Wednesday, August 5, 2015

Using Manipulatives to Compare Large Numbers

Comparing numbers using manipulatives

I am a firm believe that older kids need manipulatives in math too! Sometimes I think people forget to make math concrete in the upper grades. However, I've found that the older kids still benefit from hands-on learning, just like in the lower grades.

Sometimes it takes a bit of creativity to figure out the best way to use hands-on materials with upper grade math. When I'm teaching my 4th graders to compare and order numbers, the numbers are too big to use place value blocks. So here are some of my favorite things to use:

Use number cards to play a place value game

I love to use number cards. This is a game I play with my small groups. Depending on their level, the kids will draw a certain number of cards. (My higher kids will make bigger numbers) Then the kids arrange their cards to make the largest number possible. Then they all compare their numbers. I also use a deck of cards with the face cards removed for this game.
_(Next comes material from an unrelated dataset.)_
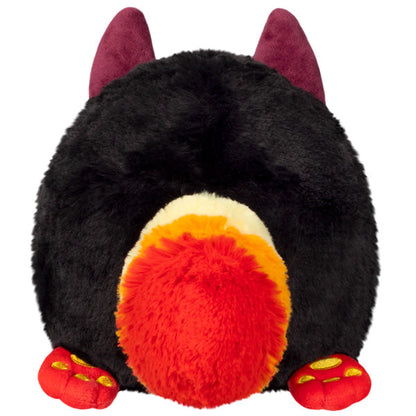 Peluche Mini Squishable – Fire Kitsune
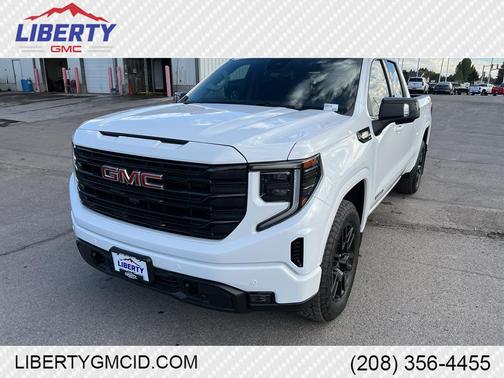 2025 GMC Sierra 1500 Elevation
use a place value chart with counters to compare numbers

This strategy is really great for struggling students because it is so visual. I like to put place value charts in sheet protectors {click on the picture to download my FREE place value charts}. Then when we are comparing numbers, we write them in the place value chart with a dry erase marker. This helps the kids line up the numbers correctly. Next I have them place a counter on the digit that helps them compare the two numbers. In this picture, the numbers are the same up until the thousands place. Once we get to the thousands place, we can see that the top number is smaller (the counter is covering up the #8).

Use a small group observation form to keep your notes

When I work with my small groups, I always use a checklist or observation form so I can keep track of my observations. I made an example (with made-up names) to show what they might look like. I've learned that if I don't write it down, I'll forget! It also helps me collect data for our campus intervention meetings.

What are some of your favorite manipulatives to use when you're teaching kids to compare large numbers?